### DATASET EXTRACT
────────────────
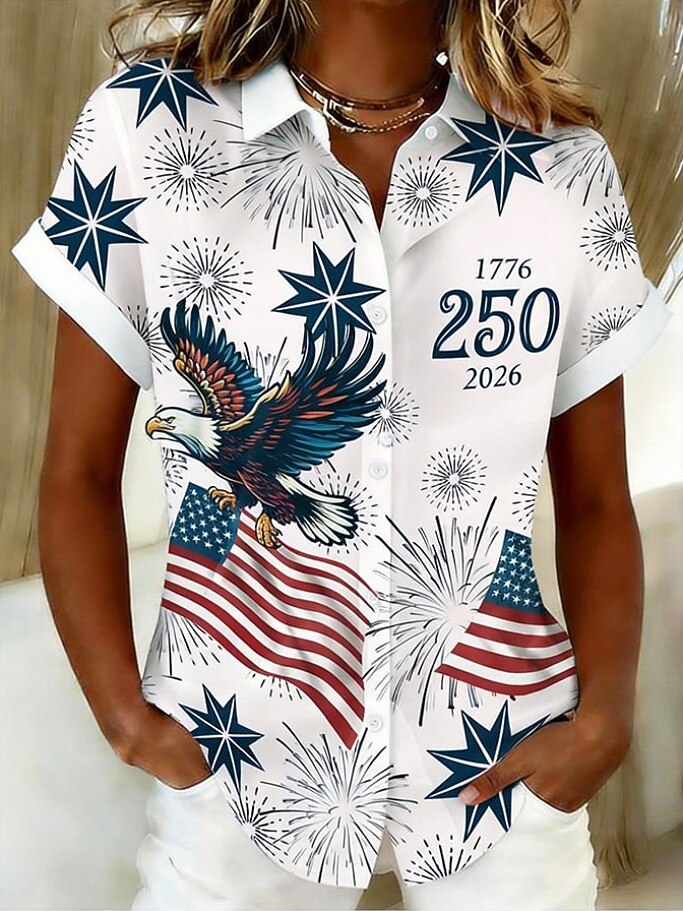 Women's Vintage Flag Short Sleeve Shirt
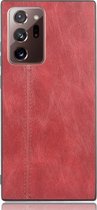 Samsung Galaxy Note20 Ultra Hoesje - Mobigear - Stitch Serie - Kunstlederen Backcover - Rood - Hoesje Geschikt Voor Samsung Galaxy Note20 Ultra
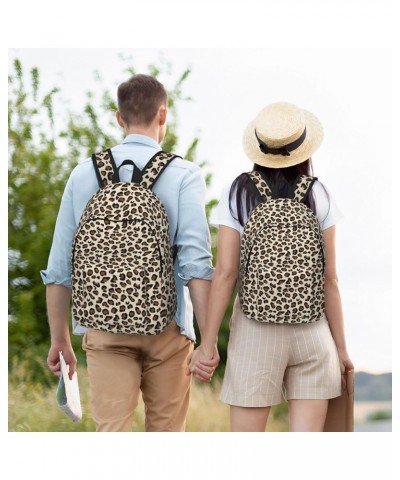 Leopard Print Print Unisex Canvas Bag Canvas Shoulder Pouch Pack Lightweight Backpack For Woman Lady Black Medium $17.39 Back...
────────────────
### WORK TO BE COMPLETED
Retype the data in full. Images do not go in the copy.

### ANSWER TO THIS PROBLEM
 Women's Vintage Flag Short Sleeve Shirt
 Samsung Galaxy Note20 Ultra Hoesje - Mobigear - Stitch Serie - Kunstlederen Backcover - Rood - Hoesje Geschikt Voor Samsung Galaxy Note20 Ultra
 Leopard Print Print Unisex Canvas Bag Canvas Shoulder Pouch Pack Lightweight Backpack For Woman Lady Black Medium $17.39 Back...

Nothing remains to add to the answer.